Required MATLAB Toolboxes

  • Bioinformatics Toolbox
  • Deep Learning Toolbox
  • Robotics System Toolbox
  • Mapping Toolbox

Notes

  • Depending on your system and MATLAB configuration, the version of libstdc++ may be different between MATLAB and your system. This can cause errors. In these cases, it might be easiest to just remove the version of libstdc++ that shipped with MATLAB, forcing MATLAB to find it on your system instead. Note: this requires it be properly added to your system environment paths (below). Related question/answer on MATLAB central
    • You can add the standard location for MATLAB with export LD_LIBRARY_PATH=$LD_LIBRARY_PATH:/lib/x86_64-linux-gnu/ in .bashrc
  • You will need to set your system environment variables for LD_RUN_PATH and LD_LIBRARY_PATH for MATLAB to find the built libraries for GTSAM and bioslam.
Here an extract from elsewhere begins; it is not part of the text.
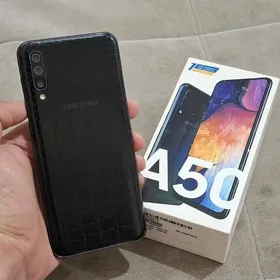 SAMSUNG  A50  4/64
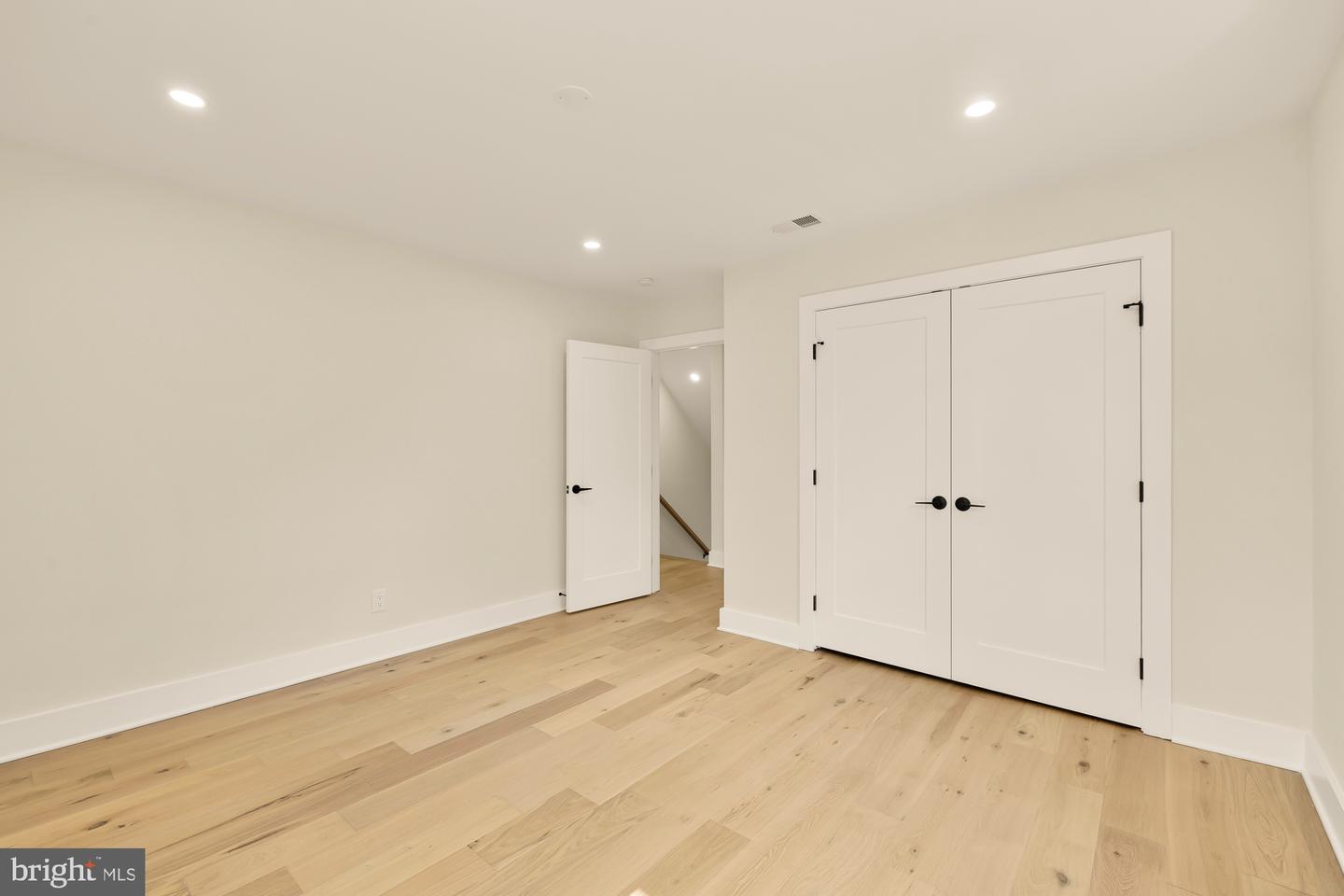 9201 Farnsworth Dr Property Photo 37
Add the following lines to your .bashrc:
    • export LD_LIBRARY_PATH=$LD_LIBRARY_PATH:/usr/local/lib/
    • export LD_RUN_PATH=$LD_RUN_PATH:/usr/local/lib/
  • In general, if -march=native is enabled for any libraries, subsequent libraries should pass the same build flag. Make sure that the build option BIOSLAM_BUILD_WITH_MARCH_NATIVE matches the GTSAM build option GTSAM_BUILD_WITH_MARCH_NATIVE.

Additional Information

bioslam is open sourced under the MIT license. See LICENSE for details.